## [TASK DIRECTIONS]
A word-for-word copy of the listing is required, and it must contain no pictures.

## [DATASET SECTION]
====================

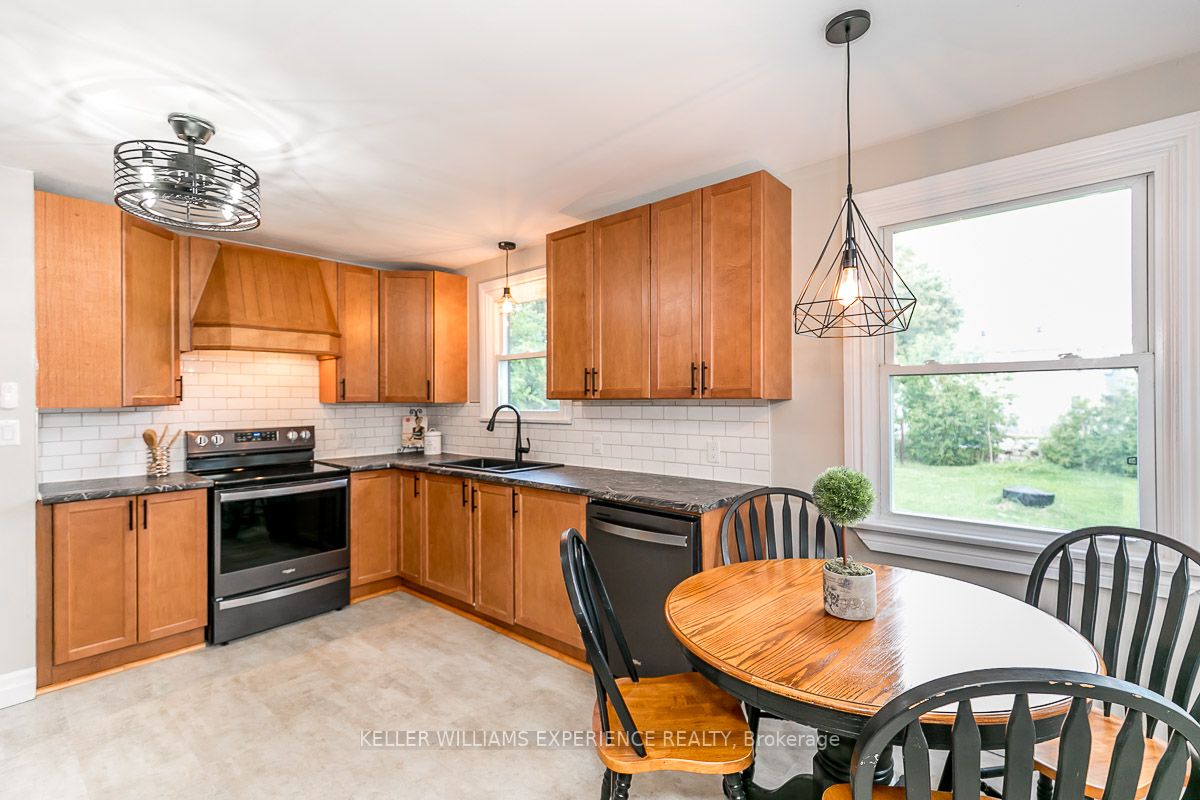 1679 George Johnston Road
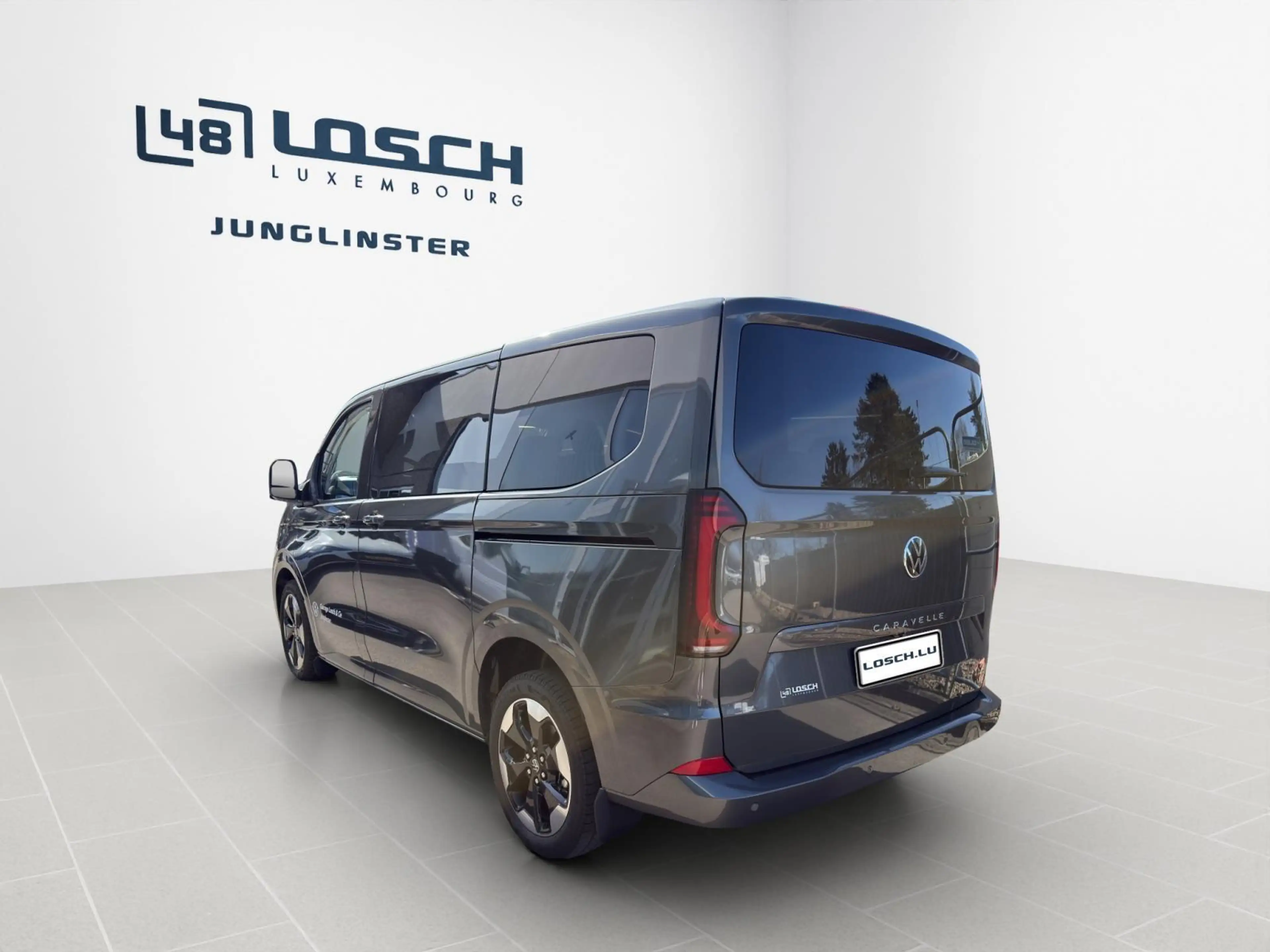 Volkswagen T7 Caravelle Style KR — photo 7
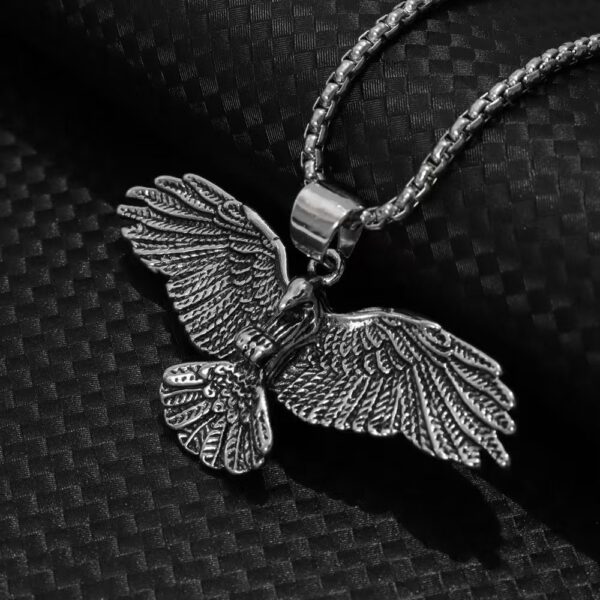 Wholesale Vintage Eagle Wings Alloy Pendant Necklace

====================

## [SOLVED EXERCISE]
 1679 George Johnston Road
 Volkswagen T7 Caravelle Style KR — photo 7
 Wholesale Vintage Eagle Wings Alloy Pendant Necklace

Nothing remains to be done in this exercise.